Para quem assistiu o documentário Notícias de Uma Guerra Particular, dirigido por João Moreira Salles há mais de 11 anos, ou para os que não aceitam simplificar o debate e demonizar as drogas, Quebrando o Tabu não avança em nada. Pelo contrário. Em alguns momentos, chega a ser constrangedor. Ou você, que faz parte do grupo acima, tem outro termo para definir a seguinte declaração do "príncipe dos sociólogos": “Eu [quando presidente] não tinha consciência da gravidade dessa questão das drogas e do que ela significava como tenho hoje. Além disso, na época, no Brasil, a consciência média era de que isso se resolvia com ação policial, mas isso não funcionou. E eu não vi tudo isso. Errei”.
FHC, que presidiu o país entre 1995 e 2002, deveria ter promovido, no Palácio da Alvorada, a Notícias de Uma Guerra Particular, de 1999. Ou lido (se é que não leu) a autobiografia (Flashbacks) do neurocientista, psicólogo e ex-professor de Harvard (sim, da prestigiada Harvard, onde, ainda na década de 1960, levou adiante seus primeiros experimentos com drogas como auxiliares na reabilitação de detentos), Timothy Leary. Ou chamado para um papo algum dos muitos jovens presos por portar um baseado.

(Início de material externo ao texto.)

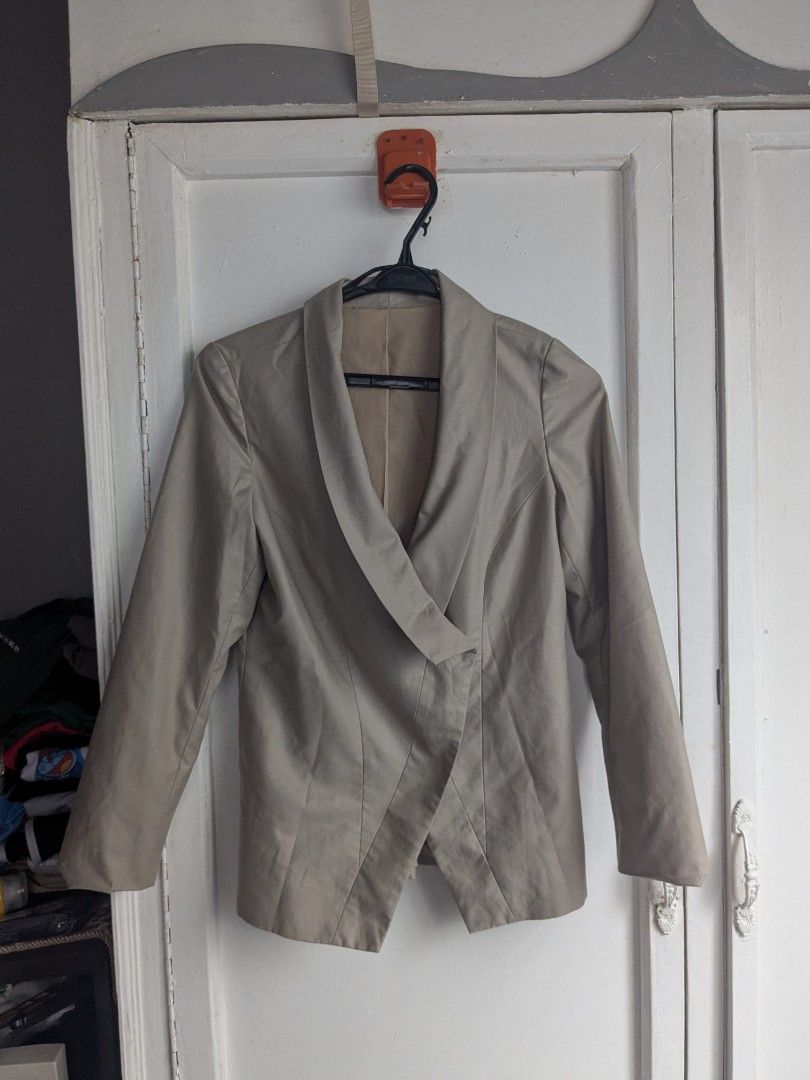 Khaki Office Coat and Pants Set Coordinates (Category: Sets or Coordinates) located in Quezon City. Submitted by nnncorner (Listing ID 1433678183, Image 1). Description: Custom Made Khaki Office Blazer and Pants Coat Length 24 inches Coat Width 15 inches Pants Waist 15 inches (28-30 waistline) Pants Length 37 inches No ww No issues 9/10 condition For small to medium frame Pls refer to the tape measured size! 800.
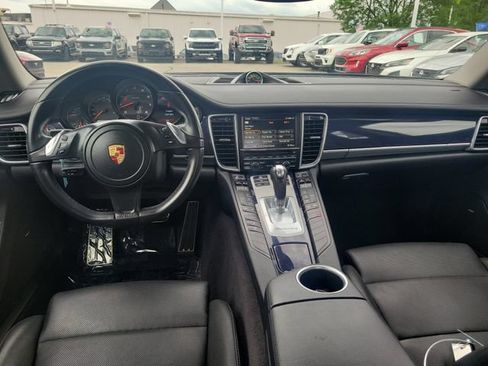 Used 2015 Porsche Panamera 4 AWD/4WD image 10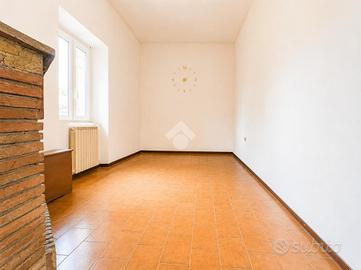 CASA SEMINDIPENDENTE A STRONCONE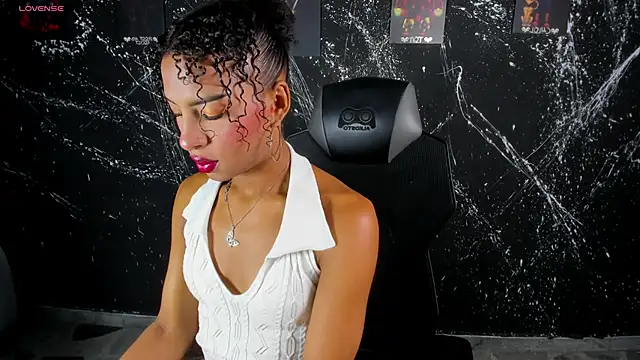 Snapshot of kileyyHot chatting on September 30, 2025, 5:02 am kileyyHot online show from September 30, 2025, 5:02 am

Mas é como dizem: a caravana passa e os cães a seguem ladrando. E as passeatas que se espalham por todo o país indicam que a sociedade já não suporta mais o debate hipócrita e começa a enxergar que, como diz o médico Dráuzio Varella no documentário em cartaz, um dia, no futuro, as pessoas olharão para trás e irão se questionar, pasmas, “mas eles prendiam as pessoas que usavam drogas”, estigmatizando-as e dando-lhes a oportunidade de cursar um mestrado no crime? Pior. Ao ler os jornais de hoje, elas vão ver que, em pleno regime democrático, a Justiça proibia manifestações pacíficas por mudanças comportamentais.
2 comentários:
Alex meu caro, sensacional seu texto! Não tinha caído minha ficha da hipocrisia elitista deste país, de proibir as Marchas da Maconha e permitir tranquilamente a exibição do filme de FHC nos cinemas, que fala justamente sobre legalizar a maconha no Brasil. Que essa sensação de que estamos sendo levados por um bando de hipócritas motive as pessoas a tomar as ruas cada vez mais. Que chegue o tempo em que poderei dominar o crescimento de uma planta em meu apartamento de forma evoluida e madura. Sem esconder nada de ninguém. Principalmente do que dizem ser a Justiça de um país.
Guilherme
Pois é, Guilherme. É a velha questão da tutela ao povo. O "especialista" é o acadêmico articulado (intelectualmente, politicamente, ideológicamente), nunca um "anônimo" que sofre na pele com o problema. E, nesta questão, os magistrados parecem ignorar que as leis muitas vezes devem acompanhar os costumes, como se dissessem, "danem-se as pessoas que reivindicam mudanças. Quem elas pensam que são além de milhares?"